Western Hunan Province’s Zhangjiajie City remains a hub of the Tujia people, allowing visitors to make close contact with strong Tujia ethnic culture both in Chieftain City in its urban district and Guanshuiping Village in the suburbs.
Folk Art in Chieftain City
A man-made cultural attraction sated with Tujia culture, Chieftain City was born as a park built on the site of one of the bestpreserved Tujia villages in western Hunan Province. Like many other ethnic cultural theme parks, employees wear traditional Tujia costumes, but they still don’t adequately portray authentic Tujia people. For such employees, performing Tujia folk art to entertain tourists is just a job rather than a lifestyle. Still, some genuine folk artists remain, who manage to move visitors with their persistent adherence to tradition. Early one morning as we roamed around Chieftain City, a souvenir shop adorned with a row of Xilankapu, handmade Tujia brocade, caught our eyes. Its proprietor, Zhou Liqun, is a Tujia brocader.

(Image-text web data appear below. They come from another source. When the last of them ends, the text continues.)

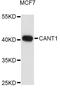 Calcium Activated Nucleotidase 1 antibody, A10965, ABclonal Technology, Western Blot image 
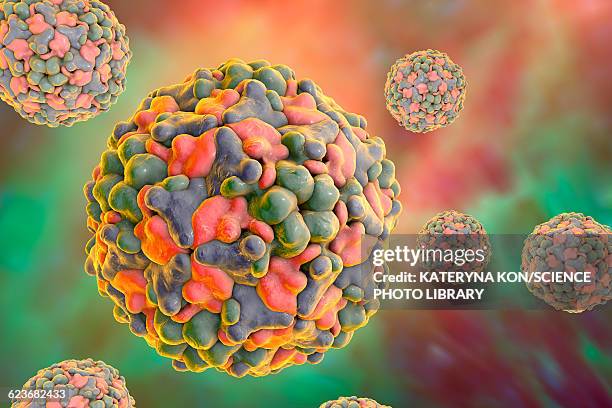 group b coxsackievirus, illustration - enterovirus stock-grafiken, -clipart, -cartoons und -symbole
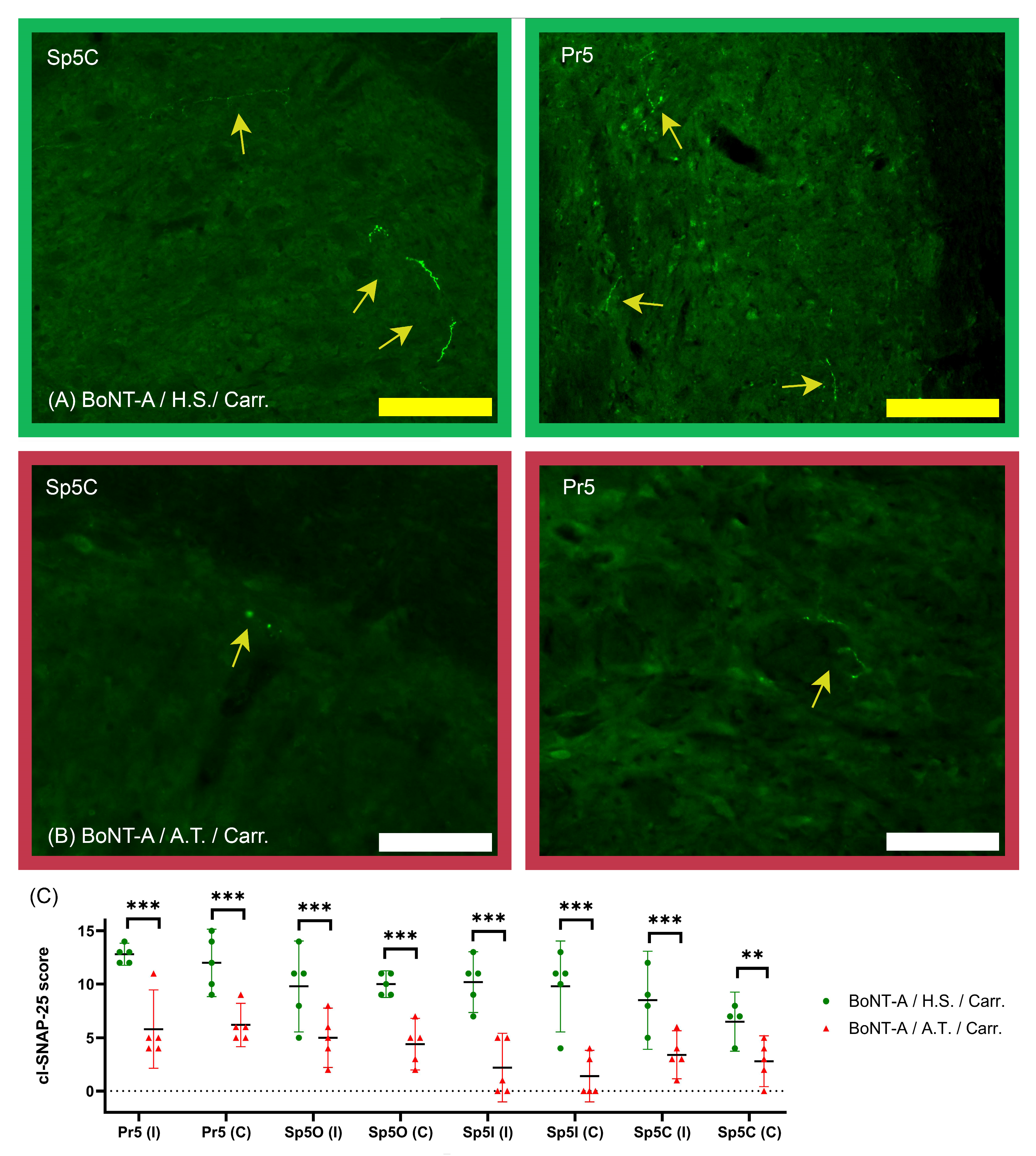 Toxins 18 00261 g001 Toxins 18 00261 g001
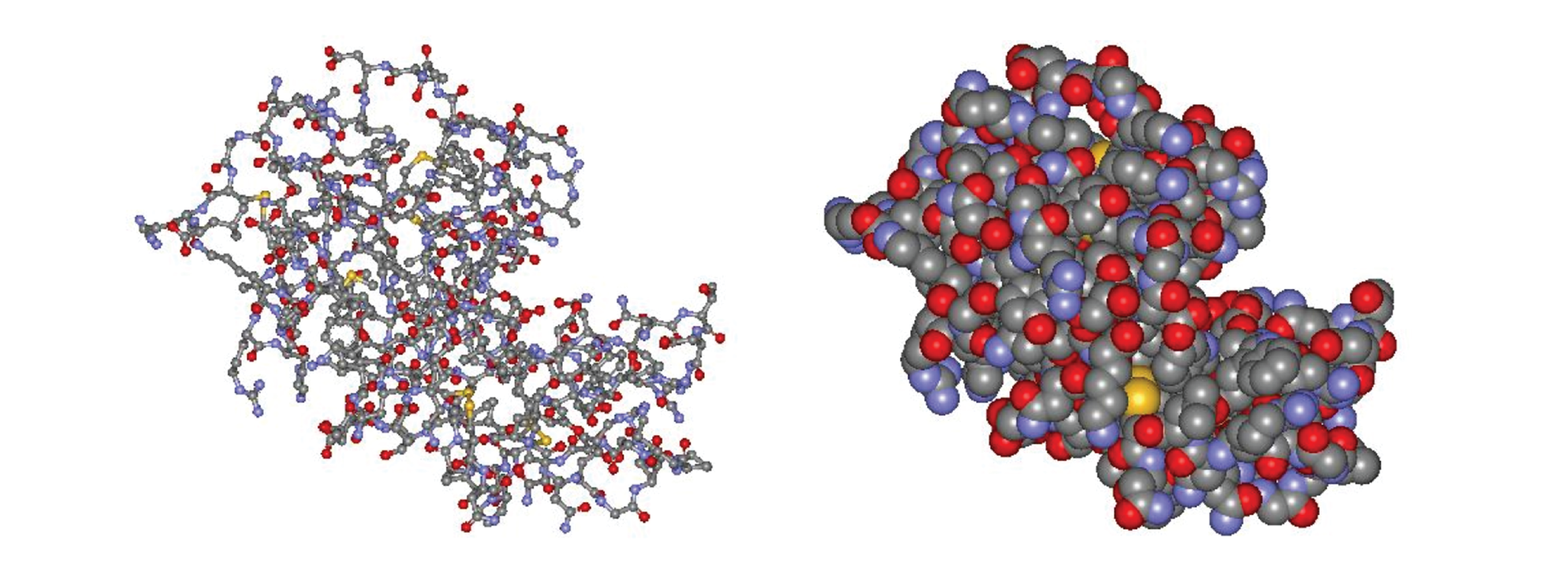 Ball-and-stick (left) and spacefilling (right) models of lysozyme, an enzyme. Both models show a large globular protein with and indentation (cleft) in the middle of the right-hand side.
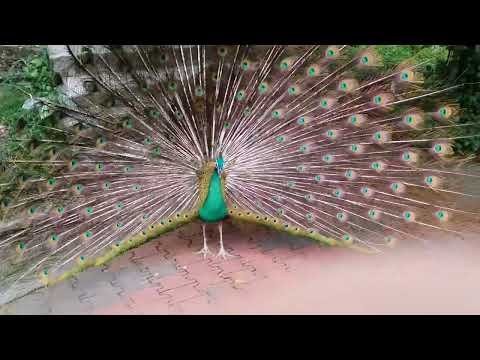 Peacock Shows Plumage While Person Whistles || ViralHog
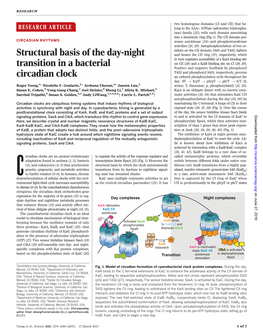 Structural Basis of the Day-Night Transition in a Bacterial Circadian Clock Roger Tseng, Nicolette F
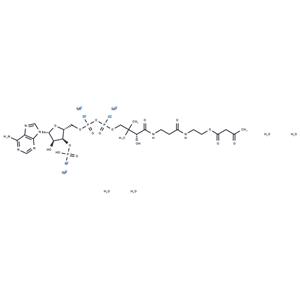 Acetoacetyl Coenzyme A sodium hydrate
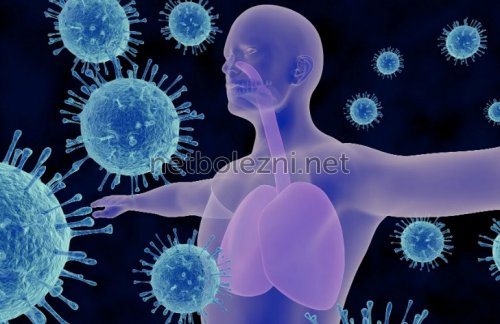 Viruses in the body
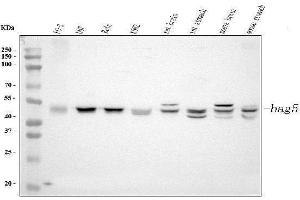 Western blot analysis of Bag5 using anti-Bag5 antibody (ABIN5518812).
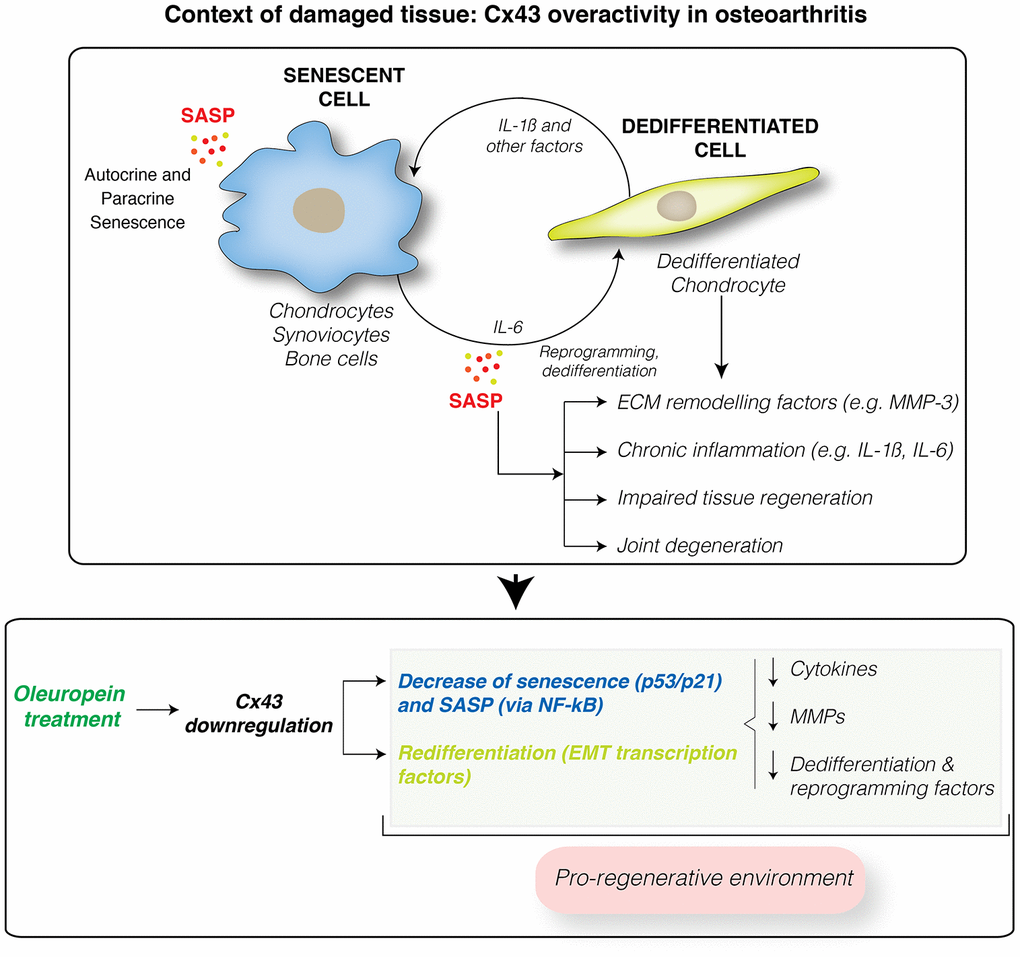 Cx43 overactivity contributes to disease progression. Cx43 overexpression leads to accumulation of dedifferentiated and senescent cells involved in disease progression in OA patients. These phenotypic changes results in the synthesis of ECM remodeling factors involved in tissue degradation (MMPs) and proinflammatory factors, such as IL-1ß and IL-6, which facilitate the dedifferentiation and reprogramming of neighboring cells. These factors may further spread senescence and dedifferentiation to surrounding tissues contributing to joint degeneration. Downregulation of Cx43 by oleuropein treatment contributes to the elimination of senescent cells and redifferentiation of osteoarthritic chondrocytes into fully differentiated cells, able to support the ECM composition and restoring the regenerative capacity of the tissue. However, oleuropein may have other targets that may contribute to the drug effect. In addition, oleuropein treatment might improve the effectiveness of stem cell therapy, by promoting chondrogenic and osteogenic differentiation, and by inhibiting adipogenesis.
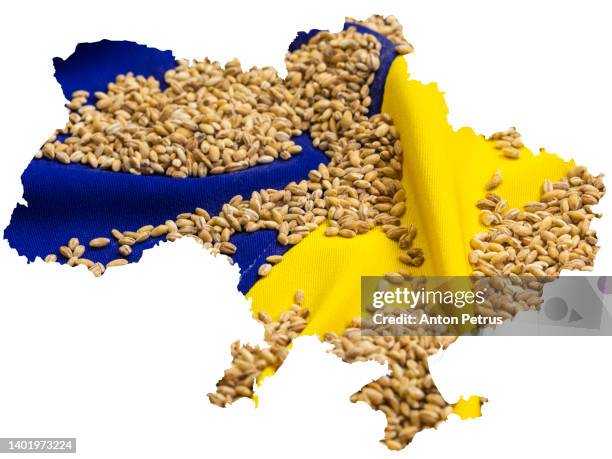 grain on the background of the ukrainian flag. concept of food supply crisis and global food scarcity because of war in ukraine. - rye grain fotografías e imágenes de stock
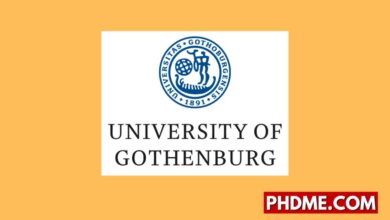Postdoctoral Researcher in Single-Cell Genomics and Functional Imaging of Kidney Epithelial Injury in Sweden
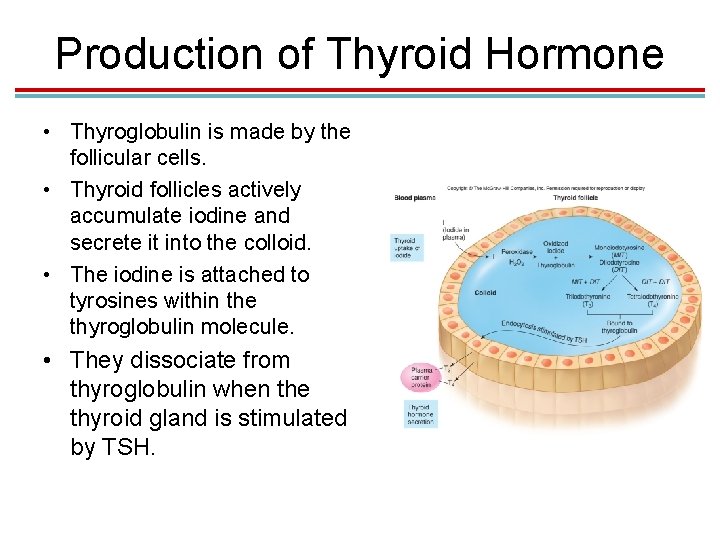 Production of Thyroid Hormone • Thyroglobulin is made by the follicular cells. • Thyroid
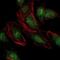 NEDD8 Ubiquitin Like Modifier antibody, GTX60546, GeneTex, Immunofluorescence image 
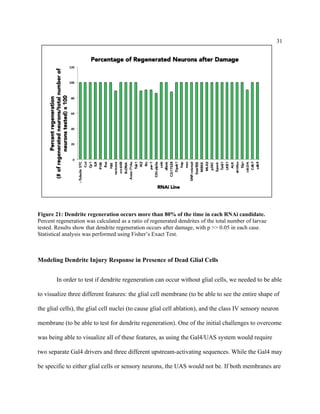31
Figure 21: Dendrite regeneration occurs more than 80% of the time in each RNAi candidate.
Percent regeneration was calculated as a ratio of regenerated dendrites of the total number of larvae
tested. Results show that dendrite regeneration occurs after damage, with p >> 0.05 in each case.
Statistical analysis was performed using Fisher’s Exact Test.
Modeling Dendrite Injury Response in Presence of Dead Glial Cells
In order to test if dendrite regeneration can occur without glial cells, we needed to be able
to visualize three different features: the glial cell membrane (to be able to see the entire shape of
the glial cells), the glial cell nuclei (to cause glial cell ablation), and the class IV sensory neuron
membrane (to be able to test for dendrite regeneration). One of the initial challenges to overcome
was being able to visualize all of these features, as using the Gal4/UAS system would require
two separate Gal4 drivers and three different upstream-activating sequences. While the Gal4 may
be specific to either glial cells or sensory neurons, the UAS would not be. If both membranes are
 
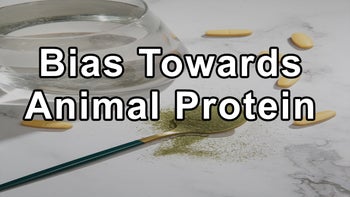 The Cultural Bias Towards Animal Protein - Brenda Davis, R.D.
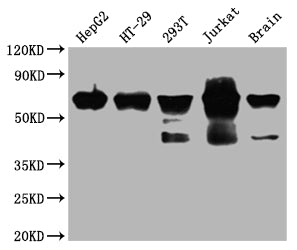 DDX5 Antibody – Figure 1 of 4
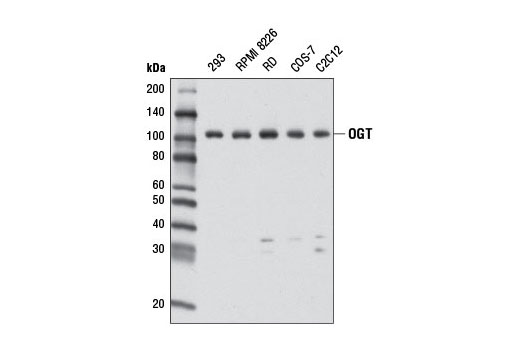 Western blot analysis of extracts from various cell lines using OGT Antibody.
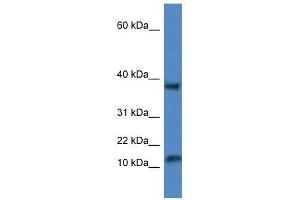 Western Blot showing Vamp1 antibody used at a concentration of 1. (VAMP1 antibody  (Middle Region))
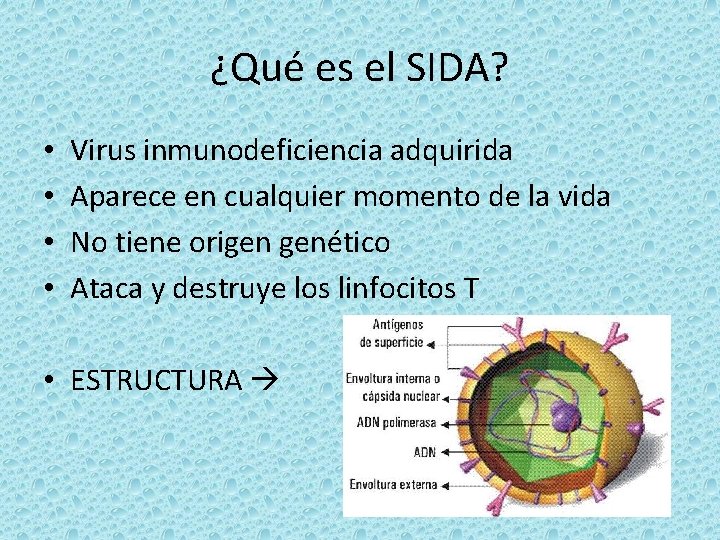 ¿Qué es el SIDA? • • Virus inmunodeficiencia adquirida Aparece en cualquier momento de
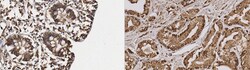 MilliporeSigma NKCC1/2, Mouse, Unlabeled, Clone: T4, 100&mu;g; Unlabeled:Antibodies,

“Xilankapu is a unique craft of the Tujia people,” she sighed, “but today only 20-something expert weavers of the brocade still operate in western Hunan.”
In years past, Tujia girls began to learn brocading as teenagers. However, due to the expertise required to navigate the complexity of the craft, fewer and fewer girls are willing to sacrifice the hours it takes to learn. They may at least manage to embroider a pair of shoes for their wedding, a tradition meant to ensure a happy marriage.
Although Zhou has been fond of brocading since her youth, after graduating from college, she became an accountant.
Still, her affection for Xilankapu only grew with each passing day. Eventually, she quit her job and devoted her life to brocading.
Resting atop the loom in her shop was a pile of finished Xilankapu brocade, which took her several months of painstaking effort. According to her, embroidering a single pattern might take days, months, and even years because embroiderers must devote attention to each and every thread.